Chris seems to ramble a lot on irrelevant things and leaves thoughts unfinished. I wish he was a bit more focused. But maybe I'm just too stupid to get it.

It wasn't clear to me how the weight of the plane enters in reading that chart.

I also did not understand where he's coming up with those lines of intersection at the end. You could in principle put any line anywhere by assuming different speeds, no? Is he really just eyeballing based on the "constant size"? Isn't this going to be irrelevant if the object was a glare (flare?) from a far away object? Couldn't this assumption of his be biasing him towards assuming certain properties of the turning he admitted were guesswork at the beginning?

I also don't really understand the relevance of the standard rates of turn for airports for fighter jets doing exercise in the middle of the ocean. Surely none of those concerns matter under such circumstances?

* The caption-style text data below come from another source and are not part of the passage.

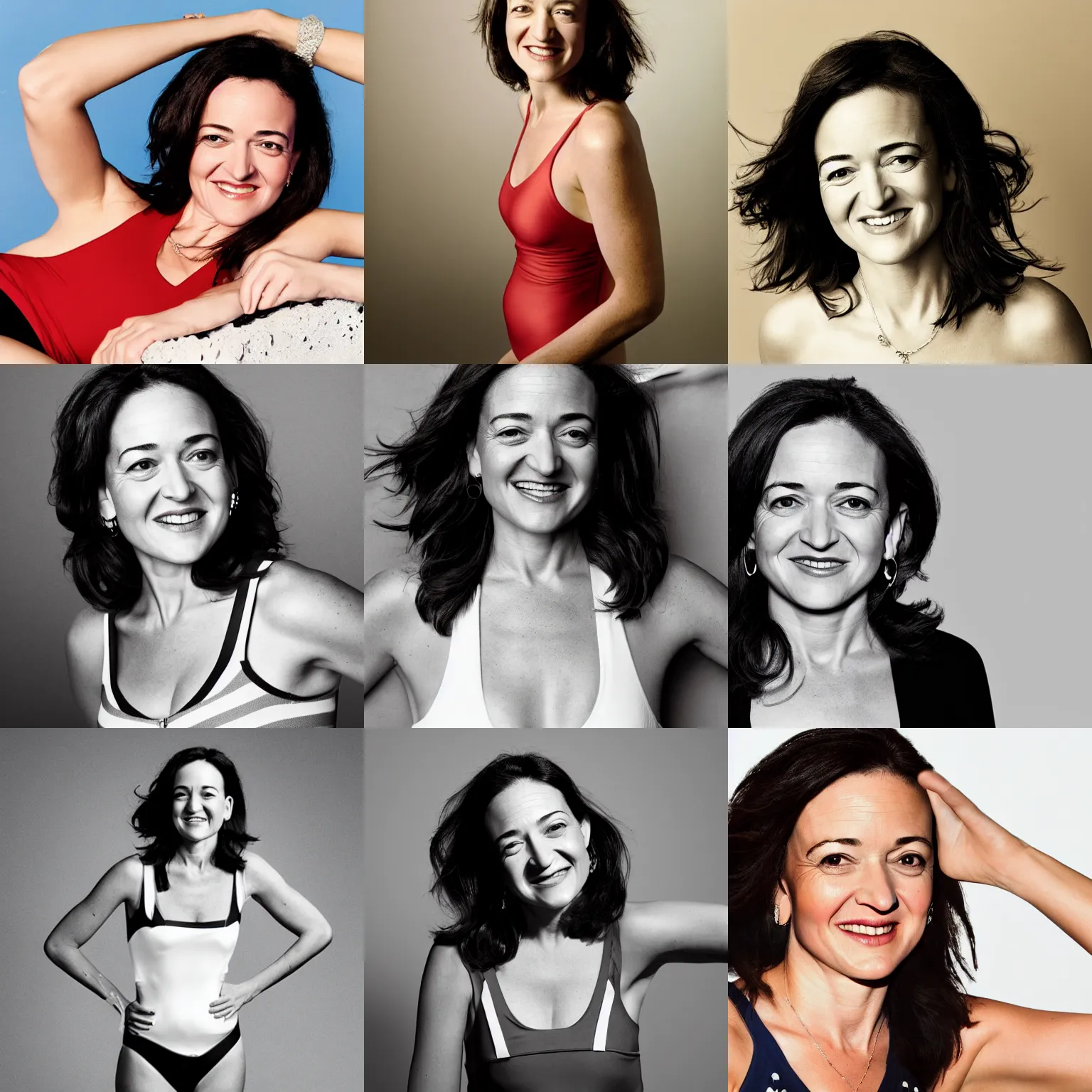 Prompt: Photo of Sheryl Sandberg in swimsuit, soft studio lighting, photo taken by Terry Richardson for Abercrombie and Fitch, award-winning photograph, 24mm f/1.4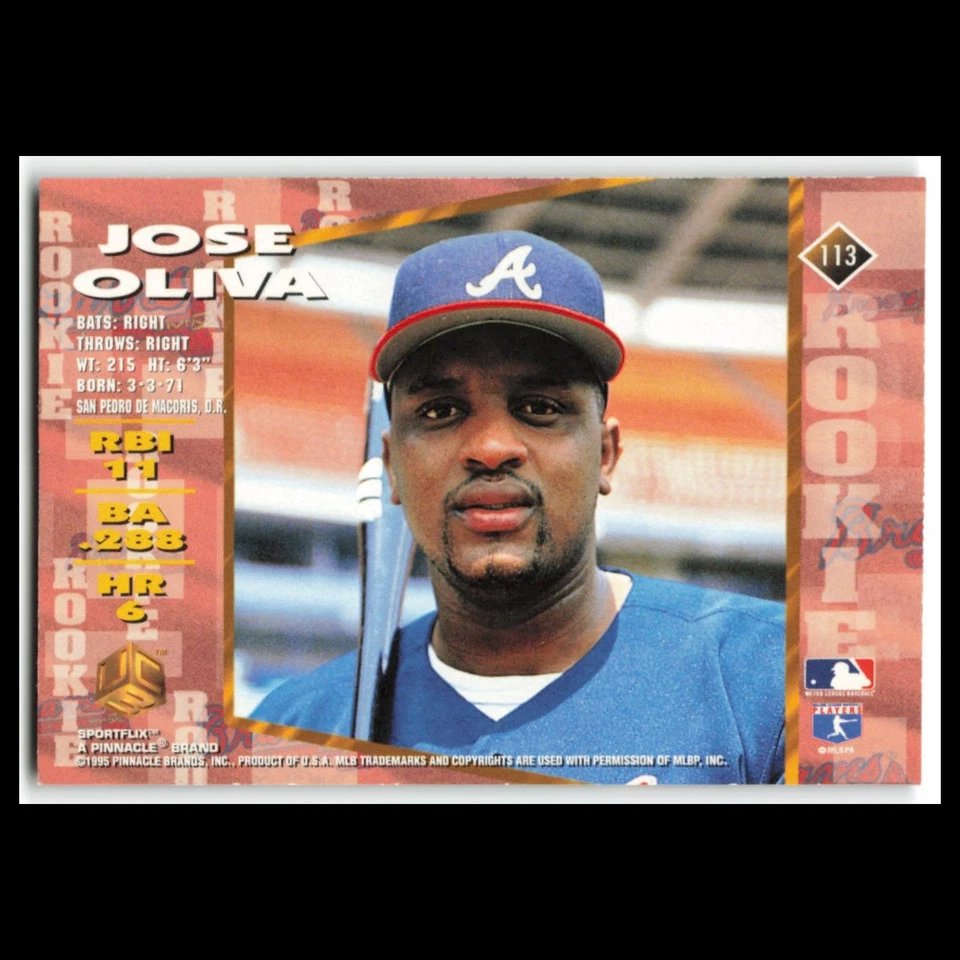 Jose Oliva Rookie #113 1995 Sportflix UC3 Atlanta Braves Baseball Card MLB NM - Image 2 of 3
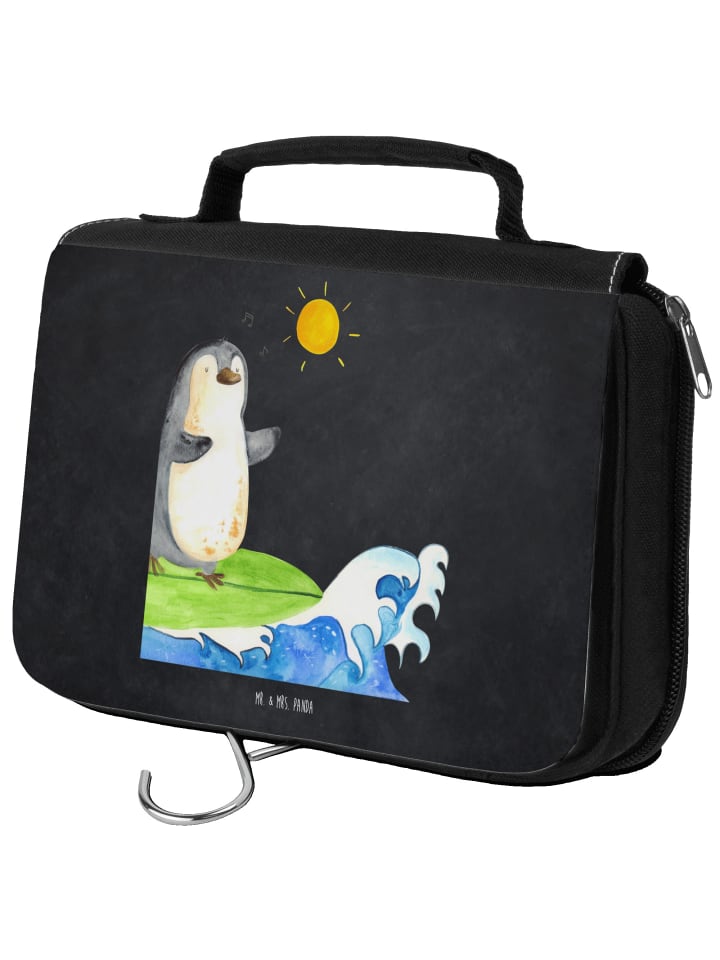 Kulturbeutel Pinguin Surfer ohne Spruch in Kreidetafel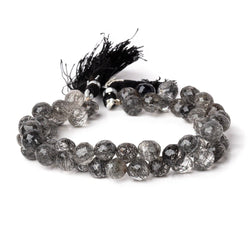 8mm Black Tourmalinated Quartz Faceted Candy Kiss Beads 8 inch 51 pieces AA (ONLINE ORDER ONLY)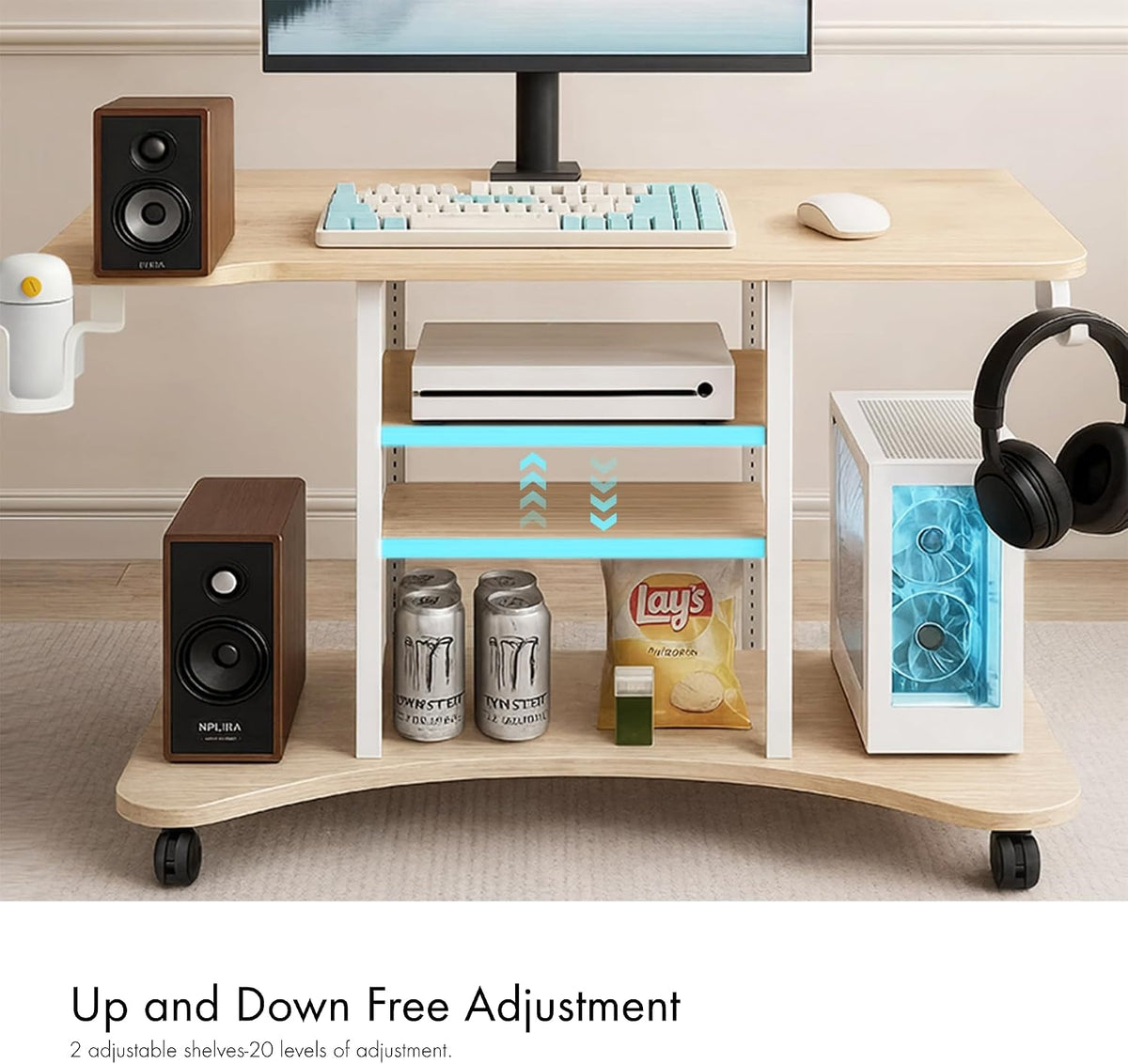 EUREKA ERGONOMIC Gaming Desk Computer, 37' Rolling Desk on Wheels for Small Space, Mobile Computer Cart with Pegboards Adjustable Shelves for Gaming PS Switch, Craft Station, Home Office - Maple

This linear motion assumption could be a good way to analyze these videos (Gimbal and Go Fast): take agreed-upon trajectory of the plane and lines of sight, assume a constant speed object and find which linear motions are the most compatible with the data (instead of eyeballing). I could write such a software if there's any interest (taking positions and angles as input, not calculating the actual trajectory of the plane as I don't have the time to learn about this turn radius stuff). It would be a definitive statistical approach provided the position of the plane and the lines of sight are in agreement (which is where we're trying to reach).

It's also very sad to see highly trained pilots confidently using the Bernoulli principle as an explanation for lift. I wonder how many generations we need until that incorrect explanation finally dies. But that doesn't invalidate his points, it's just highlighting how pilots can be outdated in their physics too, so they are not authorities in the subject of physics of how planes actually fly. There's a significant amount of intuition-based skill, and intuition isn't objective or authoritative.